Union County Clerk Robin Church said Friday that the change in Saturday delivery was discussed at a meeting of county clerks this week in Salem. Currently, ballots are mailed on a Friday. Church said a solution proposed at the conference is to mail the ballots Wednesday instead.
“That will give voters the same amount of time to fill out their ballots,” Church said.
Church said she doesn’t believe the proposal will have trouble passing muster at the state’s capital.
“I don’t see any reason they’d oppose that,” she said.
A spokesman for U.S. Rep. Greg Walden, R-Ore., said this week that Walden generally supports the proposed reduction in service. It’s one step the postal service can take to alleviate big financial problems.
“The postal service is racking up multi-million dollar deficits every year, and that’s unsustainable,” said Andrew Malcolm, Walden’s press secretary. “Greg believes this is a better option for Eastern Oregon than closing post offices.”
Malcolm provided some figures detailing the postal service’s economic woes.
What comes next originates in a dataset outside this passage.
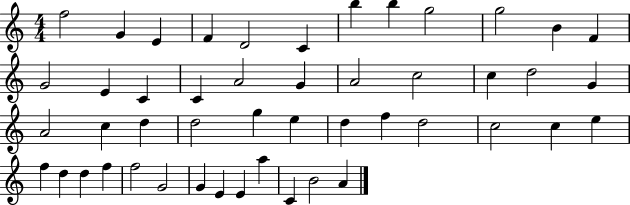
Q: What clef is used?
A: treble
He said first class mail, the service’s most profitable sector, is down 25 percent from 2001, and is projected to decline another 50 percent by 2020. In 2011 alone, mail volume fell by six percent.
Malcolm said 90 percent of mail is commerce-related, so as technology like email and online banking increases productivity, paper mail volume declines. He said Walden wants Congress to work together to help the service find lasting solutions.
“He believes the Congress should work on a bipartisan basis to give the postal service the tools they need to compete in the 21st century, and provide service for all Oregonians, especially those in the rural areas,” Malcolm said.